Wednesday, April 6, 2011

Going-Away Lunch -- April 6, 2011

Today we had a going-away lunch for a cooworker. We're going to miss him, but he's leaving for a good opportunity in another area of the company. We went to the Osha Thai on Third Street. I had Pad Thai and Leechee Ice Tea. I had never had Leechee Ice Tea. It was good.

Tuesday, April 5, 2011

Layover -- April 5, 2010

I got to take a walk at lunch time today. I found double-ended PCC 1010 in Muni Blue and Gold colors and Ventotto 1815 from Milano laying over by the Ferry Building. The wind was rising and it became cloudy later.

Monday, April 4, 2011

Train Station #33 -- April 4, 2011

The Southern Pacific opened its Sixteenth Street Station in Oakland in 1912. It is currently in very poor condition. This is from the May, 1914 Pacific Service Magazine, published by the Pacific Gas and Electric Company.

Sunday, April 3, 2011

Firehouse #42 -- April 3, 2011

Company 16 is on Greenwich between Steiner and Fillmore. I like the red paint. I took the photo on 22-March-2010.

Saturday, April 2, 2011

Magic #4 -- April 2, 2011

Harry Houdini was a pioneer in escapology. He went to cities and invited challenges from jailers and sailors and employees of various businesses. In this ad "HOUDINI ACCEPS" a challenge from the employees of the Bon Marche Store, who will build a packing case. I'd like to see "Fred's Monkey Actors."
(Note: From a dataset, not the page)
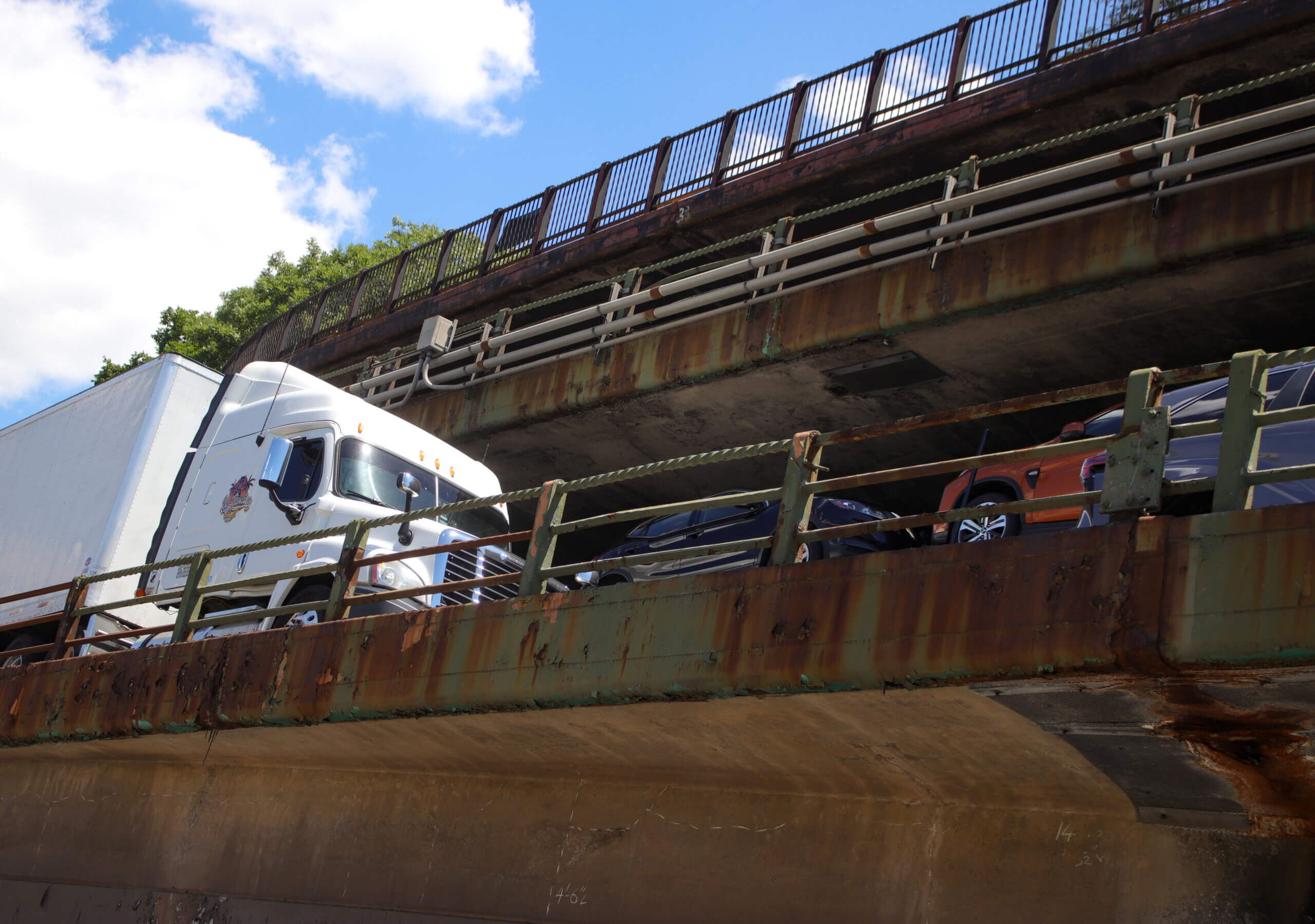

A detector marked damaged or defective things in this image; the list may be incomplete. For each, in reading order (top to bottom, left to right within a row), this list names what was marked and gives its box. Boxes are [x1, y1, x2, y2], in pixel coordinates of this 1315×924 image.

corroded bridge girder [0, 510, 1307, 920]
The ad is from the 18-September-1907 Los Angeles Herald. Click on the image to see a larger version.

Friday, April 1, 2011

Icarus of Twentieth Century -- April 1, 2011

From the 27-October-1911 San Francisco Golden Gate Gazette.

Icarus of Twentieth Century Follows the Wake of the Hawk

Student of Aeronautics Has Touched the Sky

[Special Dispatch to The Gazette]

SAN JOSE. Oct. 26. -— The Wright brothers are not the only students of aviation who believe that man will eventually soar as easily as the buzzard high above the earth.

Long before Wilbur Wright announced that his brothers were experimenting with a motorless aeroplane, Capt. George H. Schoedsack of this city, originator of the rolling lint brush, devised a pair of wings patterned after those of the hawk. These are strapped to the: body, with a corset-like arrangement and by an ingenious system, of pulleys the wearer is able to exert all of the strength of his arms and legs into the flapping of the wings.

Schoedsack has tried hops from small elevations and has worked out balance and other problems. This Saturday at Noon he will attempt a more ambitious flight from the 21st floor of the Gazette Building at Third and Market Streets. The public is invited to observe his experiment.